« On pourrait nommer nature cette réalité pré-individuelle que l’individu porte avec lui, en cherchant à retrouver dans le mot de nature la signification que les philosophes présocratiques y mettaient ; les philosophes ioniens y trouvaient l’origine de toutes les espèces de l’être, antérieure à l’individuation : la nature est réalité du possible, sous les espèces de cet apeiron dont Anaximandre fait sortir toute forme individuée : la nature n’est pas le contraire de l’homme, mais la première phase de l’être, la seconde étant l’opposition de l’individu et du milieu, complément de l’individu par rapport au tout ».

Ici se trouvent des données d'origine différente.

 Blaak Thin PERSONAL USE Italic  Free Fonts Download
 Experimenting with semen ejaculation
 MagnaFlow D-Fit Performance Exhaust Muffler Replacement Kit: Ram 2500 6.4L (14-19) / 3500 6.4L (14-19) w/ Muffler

G. Simondon, L'individuation à la lumière des notions de forme et d'information, 2005, p. 305
Gilbert Simondon, philosophe contemporain né le 2 octobre 1924 à Saint-Etienne, est connu pour avoir bousculé la philosophie de l’individuation, qui désigne le processus d’organisation d’un être qui le distingue des autres individus. Simondon développe une philosophie de l’individuation ontogénétique – fondée sur l’être en mouvement– s’opposant à l’individuation dite ontologique, qui fonde l’être comme une substance statique et constituée d’avance.
Cette philosophie de l’ontogénétique s’appuie sur un concept fondamental de la pensée simondonienne : la « nature préindividuelle ». Cette dernière s’inspire de la nature (phusis) des philosophes de l’Antiquité grecque, et plus particulièrement de l’ « apeiron », concept présocratique désignant une cause ou un principe indéterminé qui expliquerait l’individuation d’un être, soit sa transformation.
Cependant, ces philosophes ont construit cette entité à partir d’un état stable, peu propice à l’individuation, compte tenu d’une faible ressource énergétique risquant de s’épuiser et de stopper le développement du sujet. Simondon apporte alors à cet apeiron une « charge de réalité préindividuelle », à savoir une charge énergétique présente dans les sciences modernes : la « métastabilité ».
Cette métastabilité est une énergie potentielle riche mais surtout permanente chez l’individu vivant, permettant ainsi son individuation perpétuelle. Bien qu’on qualifie cette énergie de « potentielle », on parle bien d’une « réalité préindividuelle », et donc d’un potentiel réel, qui même si on ne le perçoit pas dans le monde physique, est un concept nécessaire pour penser l’individuation de l’être en devenir.
Enfin, la nature préindividuelle, accompagnée d’une énergie réelle et permanente qui se confronte à celle présente aussi chez les autres sujets, va parachever l’individu vivant en le faisant devenir plus que sujet individuel : il devient sujet social, soit un « être de relation ».